Over 30 towns and villages discharging raw sewage into the environment

A new report from the Environmental Protection Agency (EPA) has criticised the slow progress made by Irish Water in carrying out essential improvements in wastewater treatment.
Over 30 towns and villages discharging raw sewage into the environment

Digital Desk Staff

Irish Water has "no clear action plan" to deal with concerns arising from the 34 towns and villages which continue to discharge raw sewage into the environment every day.

A new report from the Environmental Protection Agency (EPA) has criticised the slow progress made by Irish Water in carrying out essential improvements in wastewater treatment.

As the Irish Examiner reports, the agency said repeated delays in providing treatment in many areas were a significant concern as the delays prolong risks to both the environment and public health.

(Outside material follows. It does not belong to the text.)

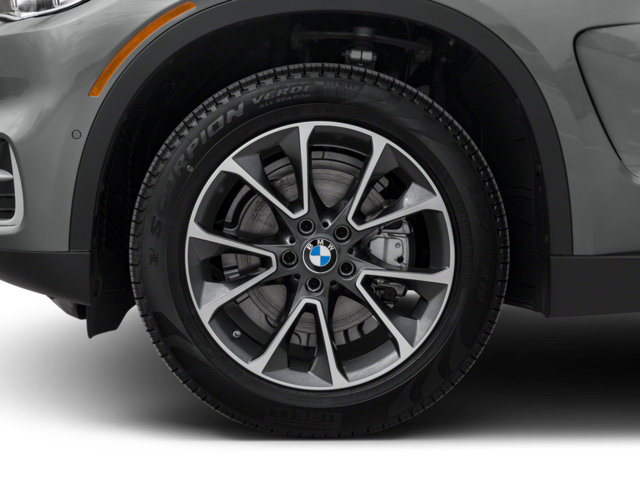 Used 2018 Black Sapphire Metallic BMW sDrive35i image 14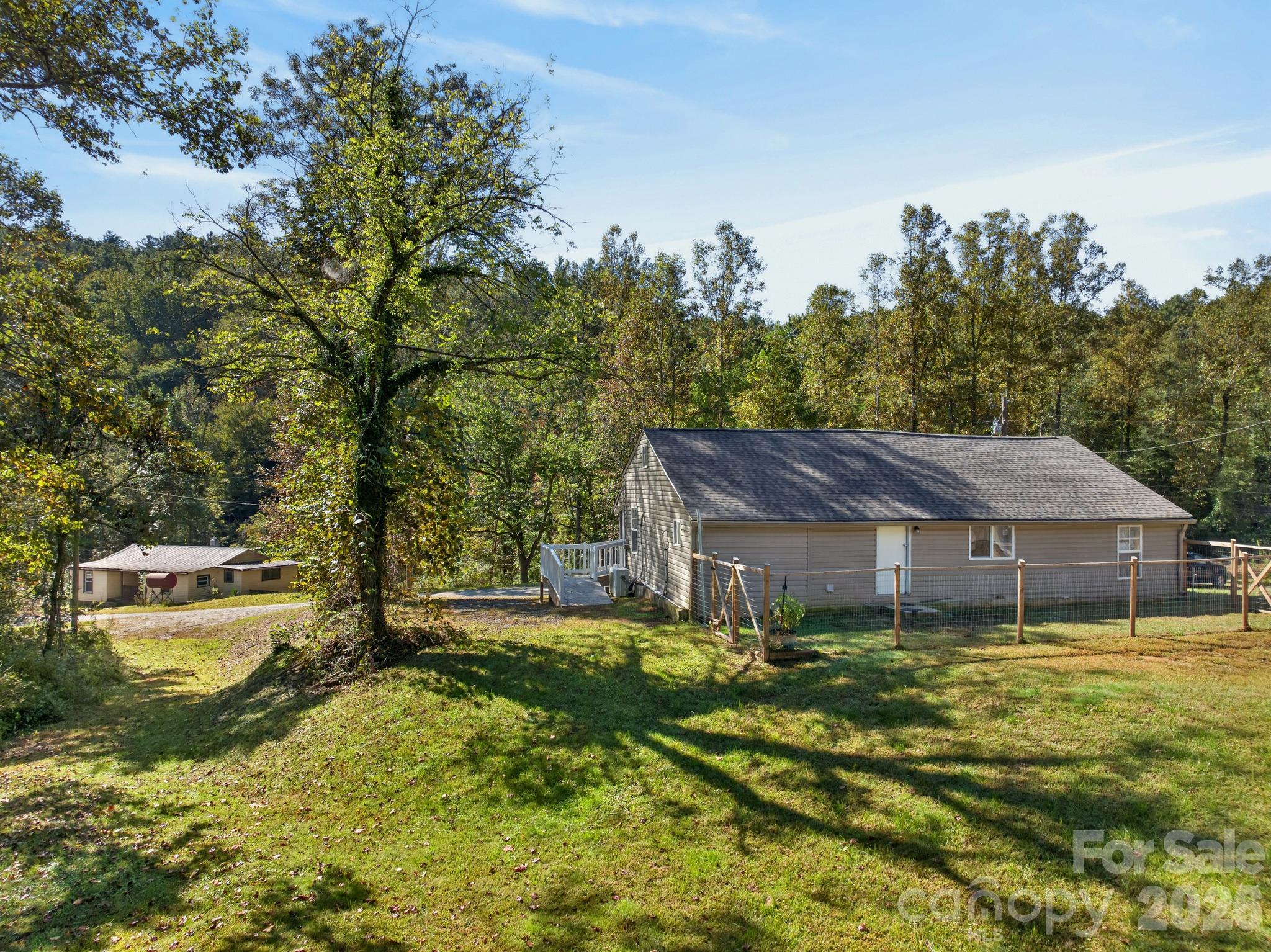 2805 H T Road Property Photo 31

In its report on Urban Waste Water Treatment in 2020, released on Wednesday, the EPA said it required Irish Water to improve treatment at 97 priority areas.

Ten of the towns and villages in question are not scheduled to receive treatment until 2025 and two are likely to continue discharging untreated sewage until 2027.

The report states: "Even when funding is available, for example, to stop discharges of raw sewage, Irish Water has repeatedly revised and extended the timeframes to provide treatment."

The EPA said the delays were unacceptable and called on the water utility to provide site-specific action plans and timeframes to carry out the necessary work.

Just under 60 per cent of improvement works that were due to be carried out by the end of 2020 have been completed, with 230 individual works more than five years overdue.

Based on current investment levels and rates of delivery, the EPA estimates it will take two decades to fix all of the problems identified.

It is 15 years since the European Union introduced mandatory standards for the treatment of wastewater in large urban areas, and Ireland failed to comply with those standards in 12 areas in 2020.

Five areas in Cork fail to comply with standards

Five of these areas are located in Co Cork – Cork City, Cobh, Ringaskiddy-Crosshaven-Carrigaline, Rathcormac, and Mitchelstown – however, Cobh has since been connected to a treatment plant.

Of the remaining areas three are in Co Clare (Shannon, Ennis South and Lahinch), two are in Dublin (Ringsend and Malahide) and one is in Wicklow (Arklow).

Among the 12 areas which failed to comply with EU standards is the Ringsend treatment plant in Dublin, which is a particular cause for concern as almost half of Ireland's urban wastewater was conveyed here for treatment last year.

A major upgrade and expansion of the Ringsend plant is ongoing and is expected to be completed in 2025.

Wednesday's report warned that Ireland risks substantial fines from the Court of Justice of the European Union unless improvements are not completed promptly.

Lack of investment

Responding to the report, Niall Gleeson, Managing Director of Irish Water, commented that a sustainable and functioning wastewater network is critical in order to protect the environment and support housing. He said the organisation is working to ensure this can be delivered.

“Irish Water is working closely with the EPA and our other partners, including local authorities, to ensure this can be delivered in the most efficient and sustainable way through the use of cutting edge technologies, science and engineering expertise, and meaningful engagement with local communities around Ireland,” Mr Gleeson said.

“There is no doubt that challenges remain. Much of the infrastructure for safely collecting and treating wastewater around the country has suffered from decades of under-investment.

“And in some instances planning and other statutory processes, which are outside Irish Water’s control, have impacted on delivery timelines.

“But Irish Water has a plan in place to address these challenges, and we are making real progress. Continued investment will be required in the coming years to build a modern, fit-for-purpose wastewater network, but we are confident that we are on track to achieving that aim.”